(Entries provided)
====================

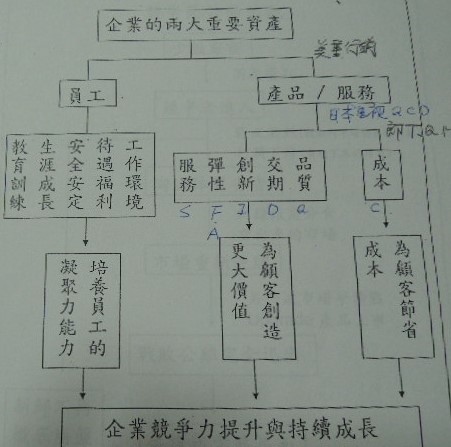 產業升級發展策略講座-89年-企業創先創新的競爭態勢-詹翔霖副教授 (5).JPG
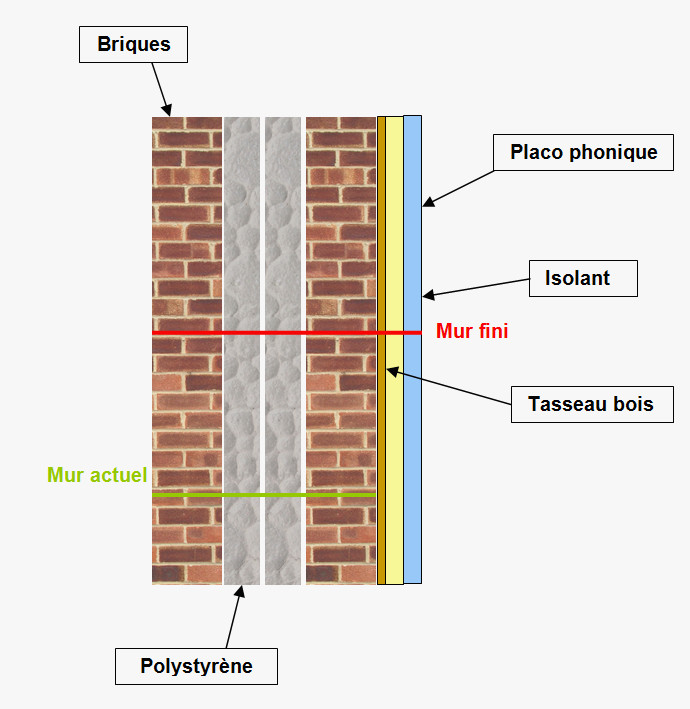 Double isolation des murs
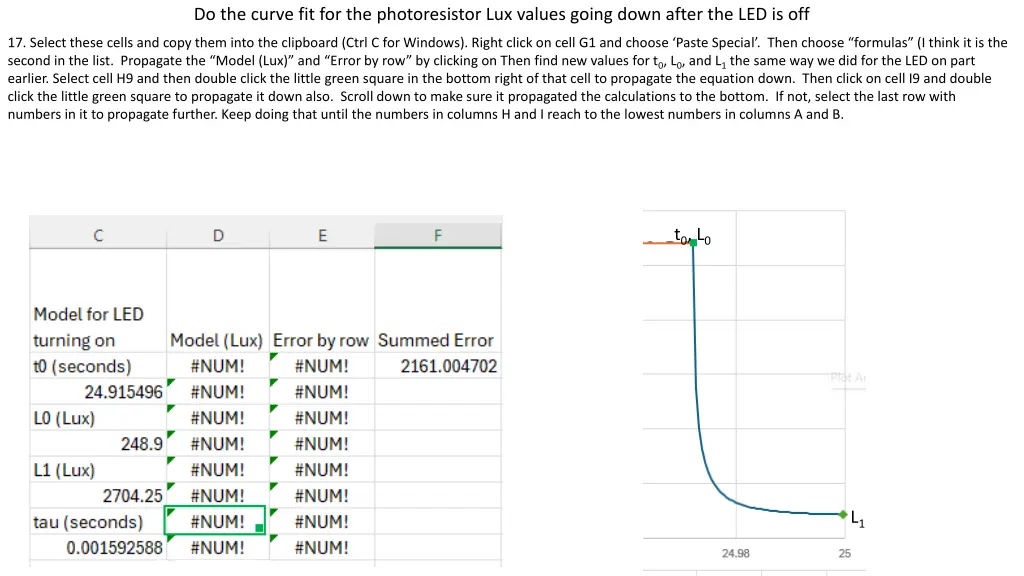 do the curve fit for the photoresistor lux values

====================

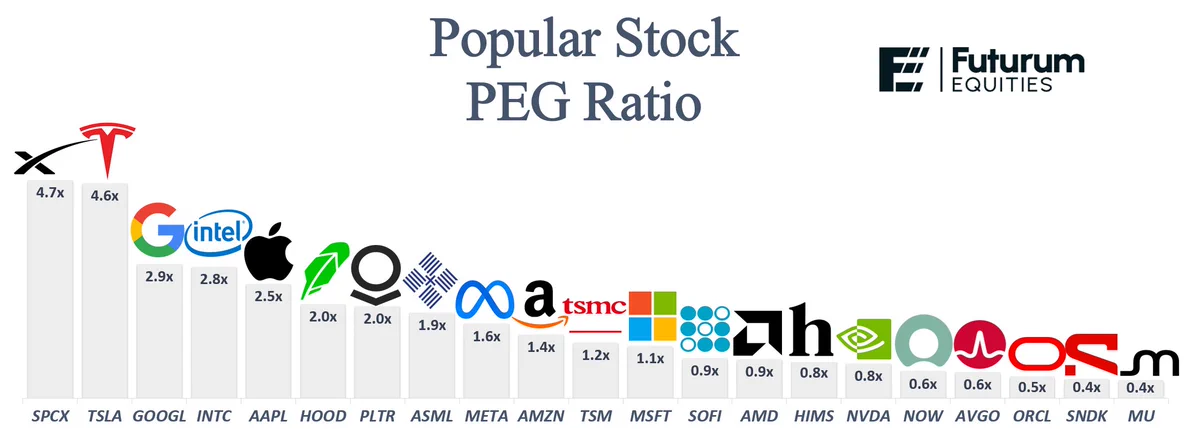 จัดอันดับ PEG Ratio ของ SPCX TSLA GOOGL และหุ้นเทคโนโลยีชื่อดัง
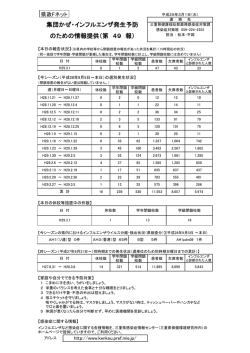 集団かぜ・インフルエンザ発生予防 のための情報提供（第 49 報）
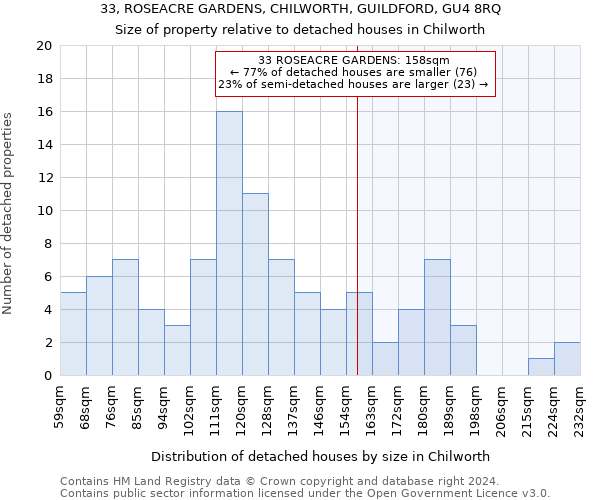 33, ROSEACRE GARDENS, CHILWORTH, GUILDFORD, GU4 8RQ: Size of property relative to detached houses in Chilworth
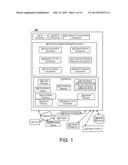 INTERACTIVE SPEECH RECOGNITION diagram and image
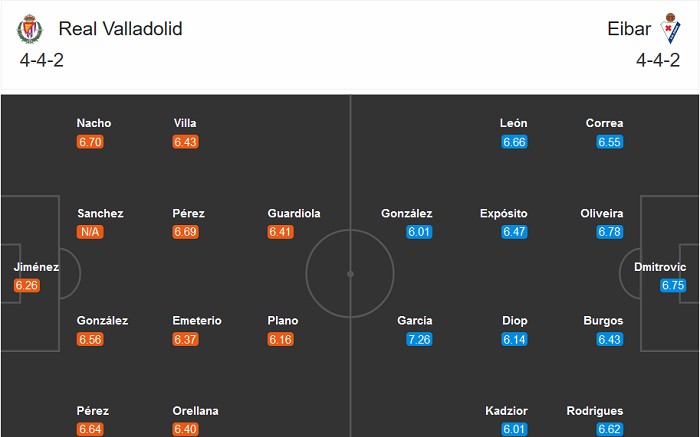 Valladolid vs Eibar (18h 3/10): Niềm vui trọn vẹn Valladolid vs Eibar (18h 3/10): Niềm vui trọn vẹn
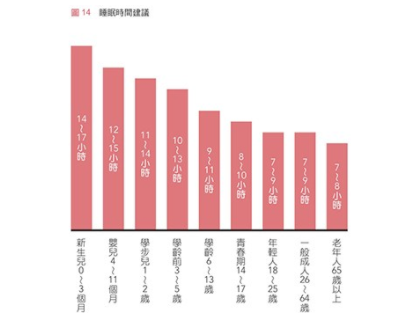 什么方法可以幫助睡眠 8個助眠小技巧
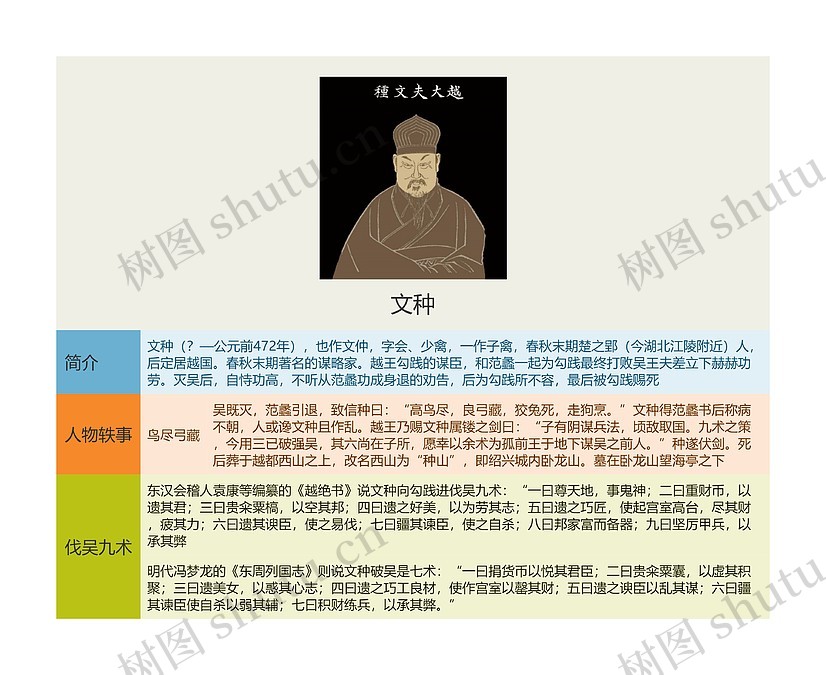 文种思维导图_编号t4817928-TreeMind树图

====================

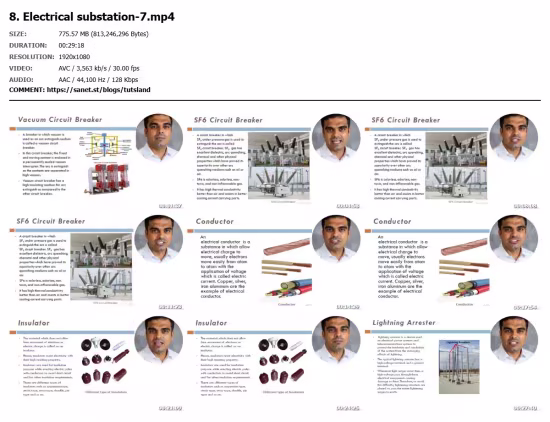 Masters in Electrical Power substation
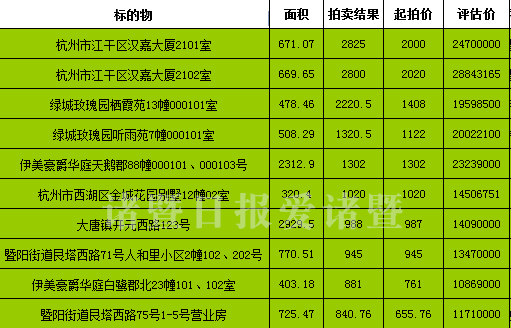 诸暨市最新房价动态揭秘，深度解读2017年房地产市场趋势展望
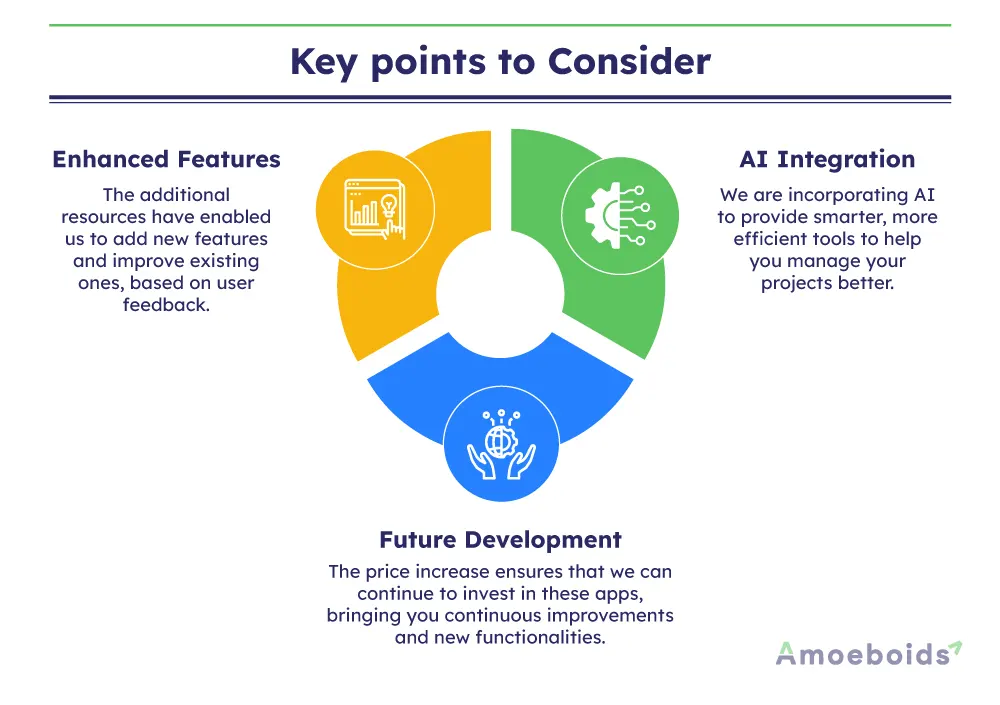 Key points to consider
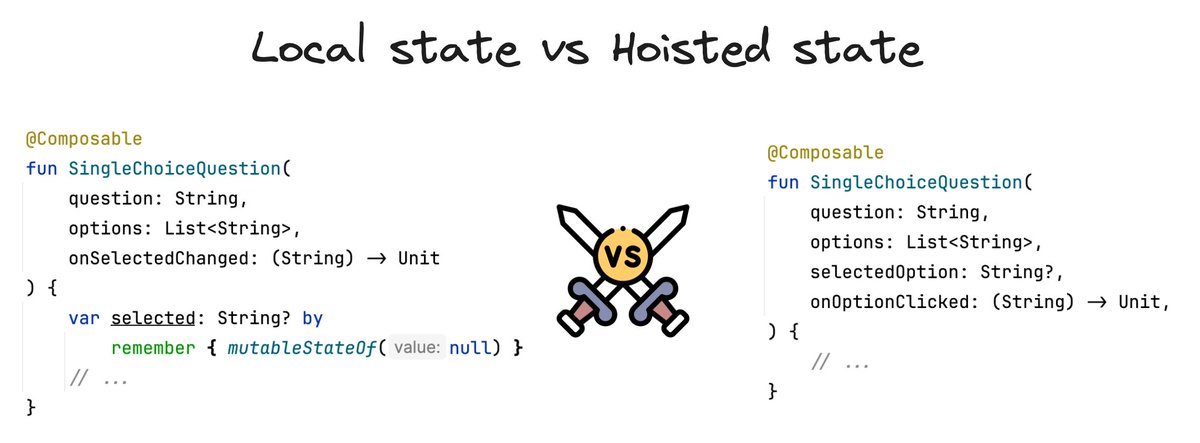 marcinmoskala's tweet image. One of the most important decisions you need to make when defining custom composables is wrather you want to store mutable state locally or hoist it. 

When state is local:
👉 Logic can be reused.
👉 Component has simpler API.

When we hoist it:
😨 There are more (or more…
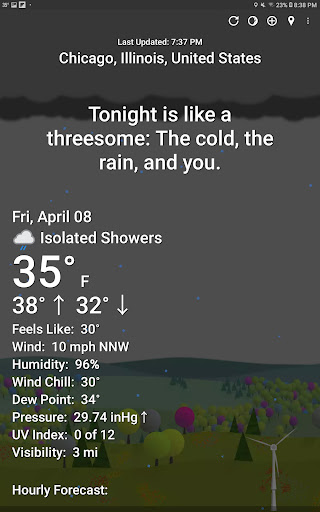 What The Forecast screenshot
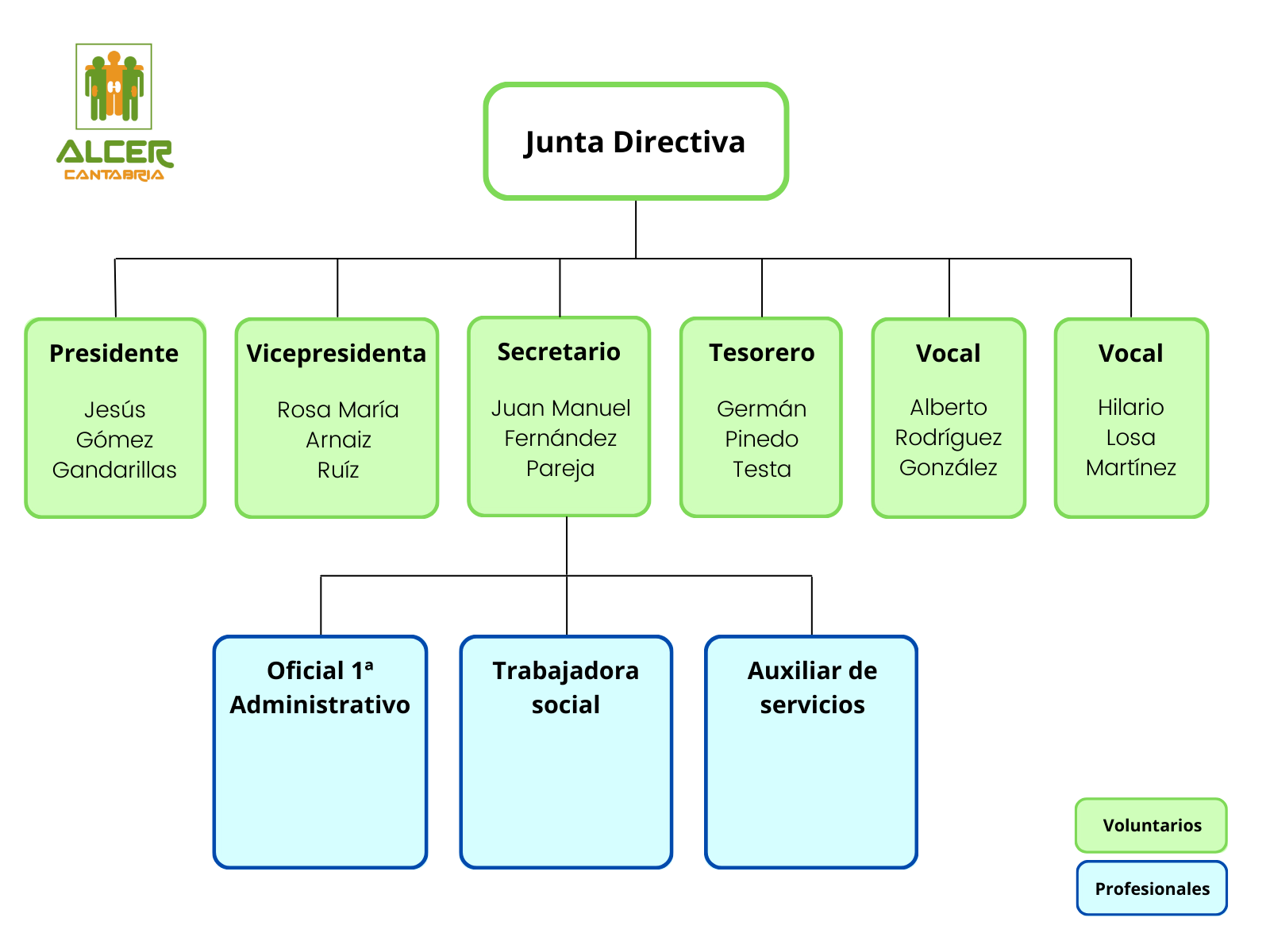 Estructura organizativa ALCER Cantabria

====================

(Action item) The lines to set down run from the line with "集団かぜ・インフルエンザ発生予防 のための情報提供（第 49 報）" up to and including the line with "Valladolid vs Eibar (18h 3/10): Niềm vui trọn vẹn Valladolid" in the entries above. Reproduce them exactly, with no pictures.

(The answer)
 集団かぜ・インフルエンザ発生予防 のための情報提供（第 49 報）
 33, ROSEACRE GARDENS, CHILWORTH, GUILDFORD, GU4 8RQ: Size of property relative to detached houses in Chilworth
 INTERACTIVE SPEECH RECOGNITION diagram and image
 Valladolid vs Eibar (18h 3/10): Niềm vui trọn vẹn Valladolid vs Eibar (18h 3/10): Niềm vui trọn vẹn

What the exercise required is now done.